CAMBRIDGE CAE Mission: Ace Your Writing Test

Welcome back, all you brave exam takers! It’s Thursday, so it is time for another CAE drop! So far we have taken an eager look at the Reading Paper. It is time to move past it, I’m afraid. You know what they say, do not dwell on the past, since there are plenty more challenges in your CAE examination. What else could be next, other than the Writing Paper? So, you might be great readers, but are you great writers?

Nobis Kato

First things first! What should YOU expect from your Writing tasks? Writing TASKS?! Am I mental? Not at all, it may not surprise you to find out that there are no less than two tasks to the test…

What’s in the structure?

Writing Part 1, which consists of a compulsory assignment of 180-220 words.

Writing Part 2, in which you may approach one assignment out of a total of five choices, with a word limit ranging between 220-260 words.

Among the text types that you might be required to provide there are articles, reviews, reports, essays, proposals, letters, competition entries, contributions to a longer piece and information sheets. They don’t really sell short, do they? No worries, the wider the variety, the better the chances for you to shine by, of course, proving to be master of any discursive domain!
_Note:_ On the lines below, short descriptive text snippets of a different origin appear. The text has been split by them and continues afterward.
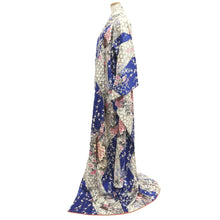 Load image into Gallery viewer, Furisode Blue Plum blossom Camellia Silk #10543B3
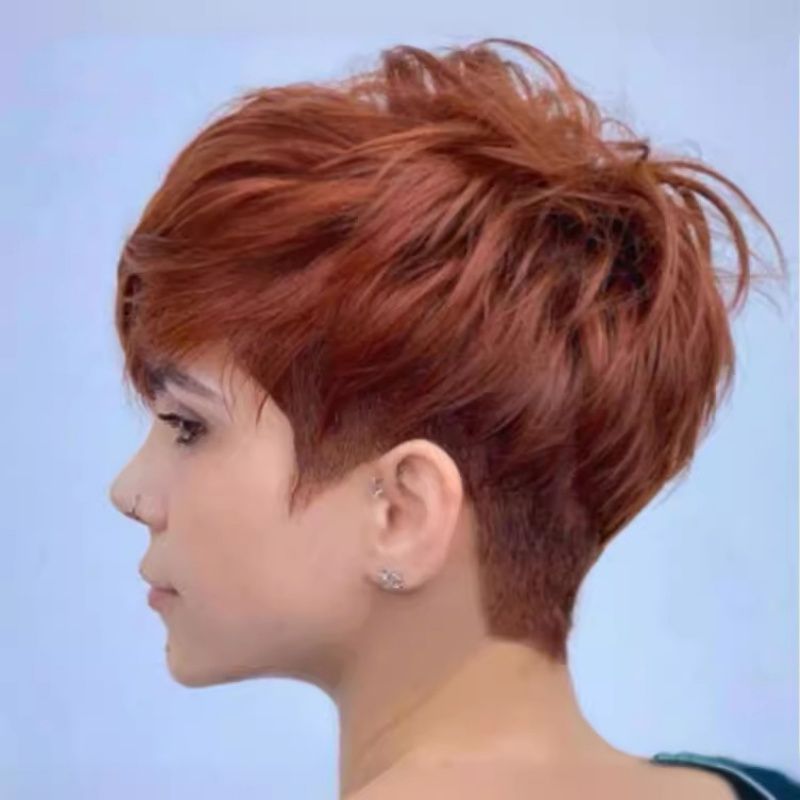 Women's Wig African Style Short Wig Orange Brown Heat-resistant Synthetic Fiber Wig Short Cut Bangs Wig Suitable for Women's Daily Work Christmas New Year and Music Parties Perfect Gift for Women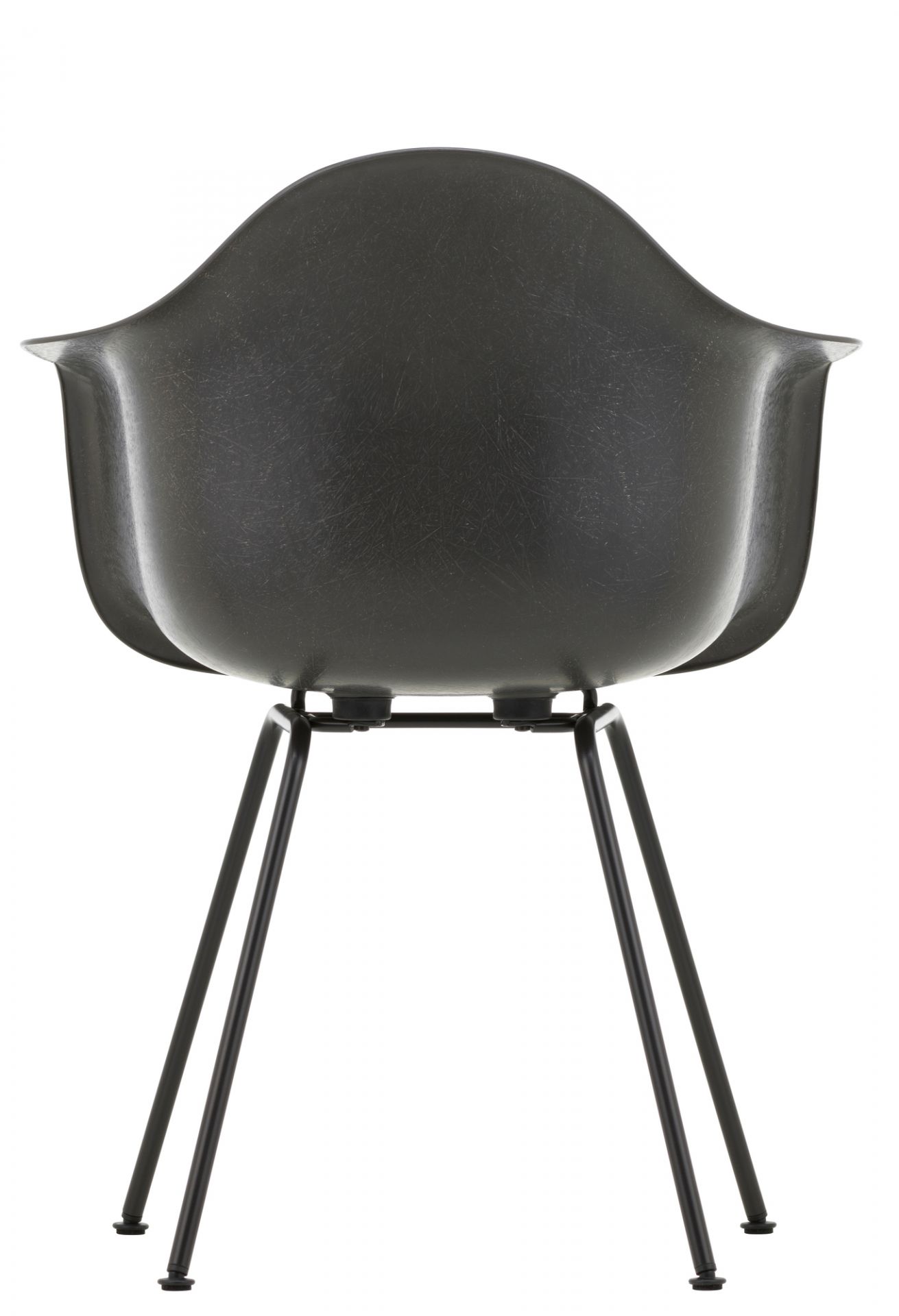 Rückansicht des schwarzen Eames Fiberglas Arm Chair DAX Stuhl von Vitra mit Metallbeinen.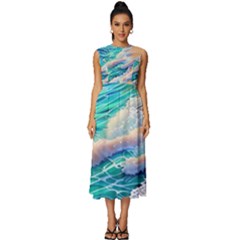 Waves At The Ocean s Edge Sleeveless Round Neck Midi Dress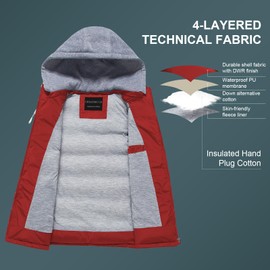 CREATMO Women's Zip Up Puffy Vest - Military Style Sleeveless Padded Coat Red M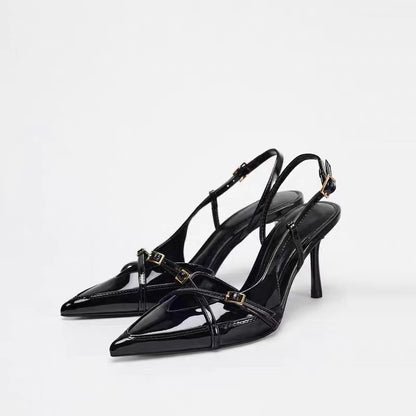 ZA2025 verão nova fivela preta com sandálias pontiagudas para mulheres estilo britânico slotted fivela salto alto para mulheres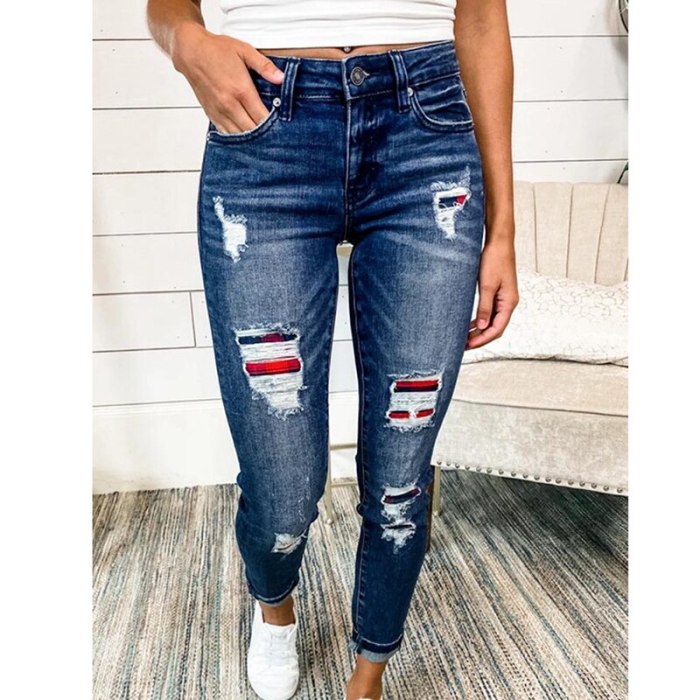 Streetwear High Waist Ripped Leggings Jeans Pants Woman Ripped Jeans Casual Trousers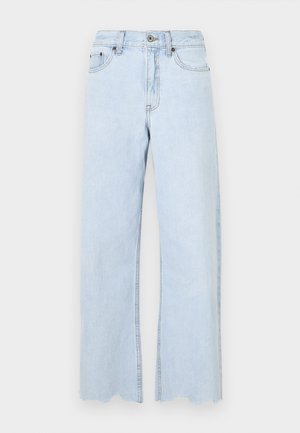 Lys blå vide jeans med rå kant, laget av denim. Funksjoner inkluderer knappelukking, beltehemper og sidelommer.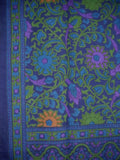 Schlaufenvorhang mit Sonnenblumenmuster, Baumwolle, 111,8 x 223,5 cm, Blau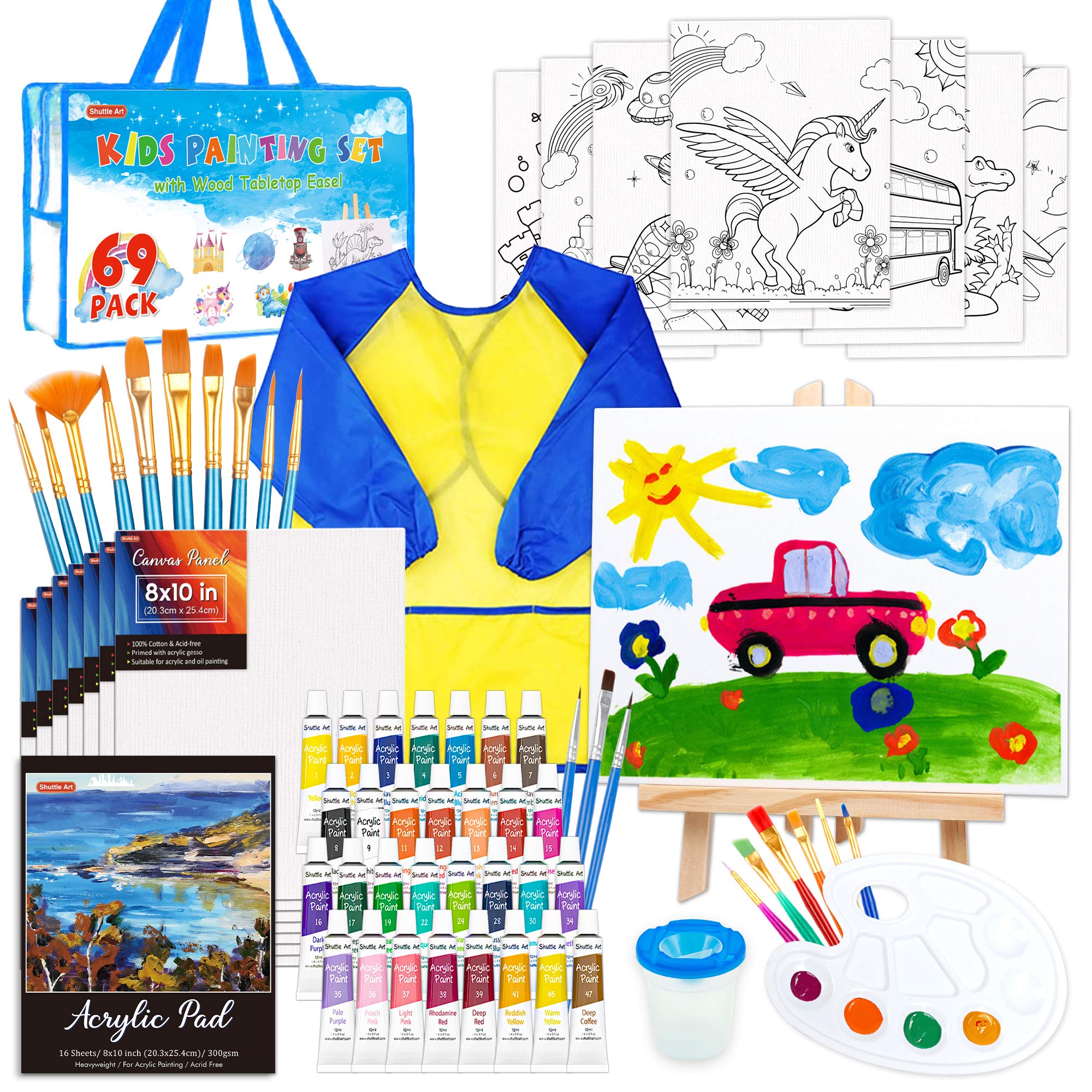 69 Pack Kids Paint Set, Shuttle Art Art Set for Kids with 30 Colors Acrylic Paint, Wood Easel, Canvas, Painting Pad, Brushes, Palette and Smock, Complete Paint Set for Boys and Girls(package may very)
Secondly, what might THE ASSESSORS expect of you? In other words, try to put yourself in the examiner’s shoes for a change. Think of the amount of ideas, expressions, approaches and styles they have to dive into when grading the papers. How would you feel if you were thrown into the great abyss of student creativity without a road map to guide you through the essentials. What is of importance in evaluating a piece of writing?

The assessment criteria:

The range of the language you used: can you make a native jealous of your elegance in expressing your ideas? Varied and level appropriate vocabulary? Complex grammar?

The wise use of register and format: did you make a report look like one, and not like an article? Did you use a proper formal, semi-formal or neutral register throughout your text?

Organisation and cohesion: did you let your ideas flow in a normal, logical, not haywire way? And, what’s more, did you link them appropriately, using linking devices (firstly, moreover, in addition, consequently, etc.)?

Length: did you respect the word limit, or have you rambled pointlessly outside the subject matter?

Target reader: if you were to submit your piece of writing to someone in real life, would the reader be interested in what you have to say, or would it have no impact in day-to-day life? Not to mention, would it have the expected effect on your addressee?

Content: did you refer to the task entirely, did you address all matters, or have you enthusiastically strayed from the topic? Let the content of your writing be nothing less and nothing more than precisely what you have been asked to do.

SO… what can you do about it? How can you make sure that you have the best chances and writing strategies at hand? Quite simply!

Improving your writing skills:

Make sure that you are exposed to all types of texts you have to provide in the exam.

Make sure that you have practised enough targeted writing of Cambridge type. It wouldn’t hurt to take part in one or two writing competitions, either…

Set a timer to see how much it takes to develop a text of the demanded length. Try to enhance your ability of using the time you have at your disposal effectively and productively.

Before jumping into writing the piece, make up a spider-gram of your raw ideas, brainstorm and inventorise a list of linking devices, a list of words that would be appropriately used in your text, and a list of grammar structures you find useful and impressive.

Once you have finished your composition, use this checklist to set your mind at ease about having observed all criteria:

Have you considered all the points in the question?

Have you addressed the right person? Is your potential reader going to be interested?

Would your text be any good in real life?

Length? Is it in the appropriate range?

Are the beginning and the ending well constructed?

Have you used an adequate style?

Did you re-read your piece for mistakes (especially if you are aware of some specific weaknesses)

Have you employed upgraded vocabulary and grammar?

Have you linked your ideas?

Does your piece of writing look as it should in terms of layout?

Check? Check? Check? Great! It’s time you surrendered your pieces of writing to the keen eyes of the assessors. However, if you’ve gone through the checklist and found nothing objectionable, chances are the examiners won’t either. You did it!